▶ _TASK GOAL_:
Starting at the top of the data and ending with the line that holds "Barbaro Racing KD0328", transcribe each line exactly; include both ends.

▶ _PROVIDED ENTRIES_:

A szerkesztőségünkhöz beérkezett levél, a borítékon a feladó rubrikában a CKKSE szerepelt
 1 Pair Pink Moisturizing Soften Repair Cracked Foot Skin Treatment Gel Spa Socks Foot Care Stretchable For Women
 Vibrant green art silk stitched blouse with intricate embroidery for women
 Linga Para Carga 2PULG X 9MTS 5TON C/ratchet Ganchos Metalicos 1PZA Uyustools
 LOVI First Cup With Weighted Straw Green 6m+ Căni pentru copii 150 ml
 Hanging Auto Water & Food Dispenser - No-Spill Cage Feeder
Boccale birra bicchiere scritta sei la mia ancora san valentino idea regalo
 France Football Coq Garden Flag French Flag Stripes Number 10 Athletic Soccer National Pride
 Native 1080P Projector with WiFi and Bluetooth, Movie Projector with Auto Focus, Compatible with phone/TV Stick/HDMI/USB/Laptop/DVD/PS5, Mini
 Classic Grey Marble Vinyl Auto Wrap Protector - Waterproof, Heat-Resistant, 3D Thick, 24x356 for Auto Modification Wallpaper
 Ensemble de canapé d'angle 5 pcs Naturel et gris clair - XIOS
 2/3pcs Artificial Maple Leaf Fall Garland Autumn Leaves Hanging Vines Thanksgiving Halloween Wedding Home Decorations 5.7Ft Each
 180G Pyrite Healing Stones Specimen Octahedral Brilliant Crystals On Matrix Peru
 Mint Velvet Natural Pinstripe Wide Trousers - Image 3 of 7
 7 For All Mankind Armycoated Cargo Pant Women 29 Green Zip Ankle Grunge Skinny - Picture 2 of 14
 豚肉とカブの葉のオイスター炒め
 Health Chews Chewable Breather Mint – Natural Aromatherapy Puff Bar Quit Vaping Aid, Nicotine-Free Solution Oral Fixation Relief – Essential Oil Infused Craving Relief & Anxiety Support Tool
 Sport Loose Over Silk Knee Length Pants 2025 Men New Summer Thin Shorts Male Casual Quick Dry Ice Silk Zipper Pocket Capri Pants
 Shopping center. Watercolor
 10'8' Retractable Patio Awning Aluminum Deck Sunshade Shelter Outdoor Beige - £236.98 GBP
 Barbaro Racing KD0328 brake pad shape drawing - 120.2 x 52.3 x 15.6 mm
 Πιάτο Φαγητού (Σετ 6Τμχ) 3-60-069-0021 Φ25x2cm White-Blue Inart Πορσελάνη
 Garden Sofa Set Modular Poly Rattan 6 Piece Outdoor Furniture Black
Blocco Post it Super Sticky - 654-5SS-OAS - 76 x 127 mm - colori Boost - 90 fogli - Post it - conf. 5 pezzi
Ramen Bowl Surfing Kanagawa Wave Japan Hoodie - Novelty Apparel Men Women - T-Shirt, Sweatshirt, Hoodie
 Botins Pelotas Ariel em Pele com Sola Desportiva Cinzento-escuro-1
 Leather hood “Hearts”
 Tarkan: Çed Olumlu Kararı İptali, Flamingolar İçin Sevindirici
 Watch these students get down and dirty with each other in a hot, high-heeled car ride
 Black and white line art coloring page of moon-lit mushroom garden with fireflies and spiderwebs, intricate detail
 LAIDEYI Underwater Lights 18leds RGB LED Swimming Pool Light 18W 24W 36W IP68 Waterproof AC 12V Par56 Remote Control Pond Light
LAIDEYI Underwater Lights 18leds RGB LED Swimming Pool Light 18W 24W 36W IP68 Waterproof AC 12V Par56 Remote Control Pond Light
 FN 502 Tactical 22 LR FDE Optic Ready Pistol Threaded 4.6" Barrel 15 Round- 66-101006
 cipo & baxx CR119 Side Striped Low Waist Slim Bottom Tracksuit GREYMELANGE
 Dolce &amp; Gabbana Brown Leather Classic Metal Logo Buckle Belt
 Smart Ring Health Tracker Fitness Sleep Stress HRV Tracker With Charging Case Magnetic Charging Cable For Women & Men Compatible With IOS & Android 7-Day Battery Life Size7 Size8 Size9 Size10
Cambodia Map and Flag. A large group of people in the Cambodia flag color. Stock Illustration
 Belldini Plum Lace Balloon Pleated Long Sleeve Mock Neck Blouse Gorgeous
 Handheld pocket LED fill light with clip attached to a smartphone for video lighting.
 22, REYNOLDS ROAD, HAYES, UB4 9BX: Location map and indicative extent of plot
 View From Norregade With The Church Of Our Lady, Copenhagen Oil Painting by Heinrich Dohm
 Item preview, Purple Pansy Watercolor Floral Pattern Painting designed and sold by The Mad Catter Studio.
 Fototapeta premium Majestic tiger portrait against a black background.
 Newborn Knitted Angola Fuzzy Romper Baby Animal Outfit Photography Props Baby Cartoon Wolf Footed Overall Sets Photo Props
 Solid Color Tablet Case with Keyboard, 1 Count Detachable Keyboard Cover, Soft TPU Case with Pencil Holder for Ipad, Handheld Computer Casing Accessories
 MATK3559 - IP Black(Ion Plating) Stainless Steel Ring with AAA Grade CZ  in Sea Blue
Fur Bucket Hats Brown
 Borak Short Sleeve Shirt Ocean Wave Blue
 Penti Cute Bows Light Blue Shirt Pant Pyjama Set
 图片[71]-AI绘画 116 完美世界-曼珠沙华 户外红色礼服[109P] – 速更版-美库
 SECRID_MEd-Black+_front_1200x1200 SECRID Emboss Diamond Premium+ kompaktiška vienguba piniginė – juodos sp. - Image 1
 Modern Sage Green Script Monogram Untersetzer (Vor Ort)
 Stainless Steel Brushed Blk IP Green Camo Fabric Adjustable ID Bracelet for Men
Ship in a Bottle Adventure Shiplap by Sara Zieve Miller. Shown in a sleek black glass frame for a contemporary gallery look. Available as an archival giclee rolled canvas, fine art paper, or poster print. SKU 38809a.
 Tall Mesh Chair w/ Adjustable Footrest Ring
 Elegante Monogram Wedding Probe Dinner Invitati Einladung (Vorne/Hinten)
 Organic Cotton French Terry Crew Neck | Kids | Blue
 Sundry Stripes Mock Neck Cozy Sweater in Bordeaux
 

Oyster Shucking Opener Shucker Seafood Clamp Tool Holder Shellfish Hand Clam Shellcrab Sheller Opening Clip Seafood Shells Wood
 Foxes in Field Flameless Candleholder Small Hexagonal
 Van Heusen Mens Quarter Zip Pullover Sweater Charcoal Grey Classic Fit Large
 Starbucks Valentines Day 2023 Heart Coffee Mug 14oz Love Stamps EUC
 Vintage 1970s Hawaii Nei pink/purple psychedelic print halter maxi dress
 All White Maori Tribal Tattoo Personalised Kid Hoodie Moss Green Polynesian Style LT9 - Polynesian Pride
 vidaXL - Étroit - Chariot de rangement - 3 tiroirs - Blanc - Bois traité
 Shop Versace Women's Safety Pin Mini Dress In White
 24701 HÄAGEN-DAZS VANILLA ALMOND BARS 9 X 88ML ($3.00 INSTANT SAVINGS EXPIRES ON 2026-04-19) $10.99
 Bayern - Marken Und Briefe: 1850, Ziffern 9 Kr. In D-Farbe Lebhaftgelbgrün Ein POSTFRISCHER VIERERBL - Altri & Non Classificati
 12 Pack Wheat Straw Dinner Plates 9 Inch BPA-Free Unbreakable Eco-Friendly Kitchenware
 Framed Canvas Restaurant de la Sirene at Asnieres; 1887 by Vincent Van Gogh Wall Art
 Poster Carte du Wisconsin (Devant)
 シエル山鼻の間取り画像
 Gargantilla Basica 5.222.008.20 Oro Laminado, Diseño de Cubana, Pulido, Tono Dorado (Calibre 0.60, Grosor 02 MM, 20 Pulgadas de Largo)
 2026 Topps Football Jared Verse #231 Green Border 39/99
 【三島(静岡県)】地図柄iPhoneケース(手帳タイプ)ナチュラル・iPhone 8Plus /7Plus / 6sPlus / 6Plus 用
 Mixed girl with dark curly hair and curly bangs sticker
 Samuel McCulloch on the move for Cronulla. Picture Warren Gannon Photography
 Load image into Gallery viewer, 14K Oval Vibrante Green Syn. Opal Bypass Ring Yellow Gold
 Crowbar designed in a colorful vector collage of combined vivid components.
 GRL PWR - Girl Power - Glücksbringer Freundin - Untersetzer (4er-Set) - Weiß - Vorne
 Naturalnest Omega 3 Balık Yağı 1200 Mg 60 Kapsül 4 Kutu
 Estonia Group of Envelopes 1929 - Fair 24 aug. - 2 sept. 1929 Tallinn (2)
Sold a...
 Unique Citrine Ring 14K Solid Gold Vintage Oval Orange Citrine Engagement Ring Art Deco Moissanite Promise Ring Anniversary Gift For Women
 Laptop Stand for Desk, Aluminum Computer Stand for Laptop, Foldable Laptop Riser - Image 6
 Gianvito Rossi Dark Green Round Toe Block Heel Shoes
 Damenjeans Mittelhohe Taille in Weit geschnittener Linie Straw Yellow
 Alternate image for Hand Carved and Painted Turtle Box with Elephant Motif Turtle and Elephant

▶ _TASK RESULT_:
A szerkesztőségünkhöz beérkezett levél, a borítékon a feladó rubrikában a CKKSE szerepelt
 1 Pair Pink Moisturizing Soften Repair Cracked Foot Skin Treatment Gel Spa Socks Foot Care Stretchable For Women
 Vibrant green art silk stitched blouse with intricate embroidery for women
 Linga Para Carga 2PULG X 9MTS 5TON C/ratchet Ganchos Metalicos 1PZA Uyustools
 LOVI First Cup With Weighted Straw Green 6m+ Căni pentru copii 150 ml
 Hanging Auto Water & Food Dispenser - No-Spill Cage Feeder
Boccale birra bicchiere scritta sei la mia ancora san valentino idea regalo
 France Football Coq Garden Flag French Flag Stripes Number 10 Athletic Soccer National Pride
 Native 1080P Projector with WiFi and Bluetooth, Movie Projector with Auto Focus, Compatible with phone/TV Stick/HDMI/USB/Laptop/DVD/PS5, Mini
 Classic Grey Marble Vinyl Auto Wrap Protector - Waterproof, Heat-Resistant, 3D Thick, 24x356 for Auto Modification Wallpaper
 Ensemble de canapé d'angle 5 pcs Naturel et gris clair - XIOS
 2/3pcs Artificial Maple Leaf Fall Garland Autumn Leaves Hanging Vines Thanksgiving Halloween Wedding Home Decorations 5.7Ft Each
 180G Pyrite Healing Stones Specimen Octahedral Brilliant Crystals On Matrix Peru
 Mint Velvet Natural Pinstripe Wide Trousers - Image 3 of 7
 7 For All Mankind Armycoated Cargo Pant Women 29 Green Zip Ankle Grunge Skinny - Picture 2 of 14
 豚肉とカブの葉のオイスター炒め
 Health Chews Chewable Breather Mint – Natural Aromatherapy Puff Bar Quit Vaping Aid, Nicotine-Free Solution Oral Fixation Relief – Essential Oil Infused Craving Relief & Anxiety Support Tool
 Sport Loose Over Silk Knee Length Pants 2025 Men New Summer Thin Shorts Male Casual Quick Dry Ice Silk Zipper Pocket Capri Pants
 Shopping center. Watercolor
 10'8' Retractable Patio Awning Aluminum Deck Sunshade Shelter Outdoor Beige - £236.98 GBP
 Barbaro Racing KD0328 brake pad shape drawing - 120.2 x 52.3 x 15.6 mm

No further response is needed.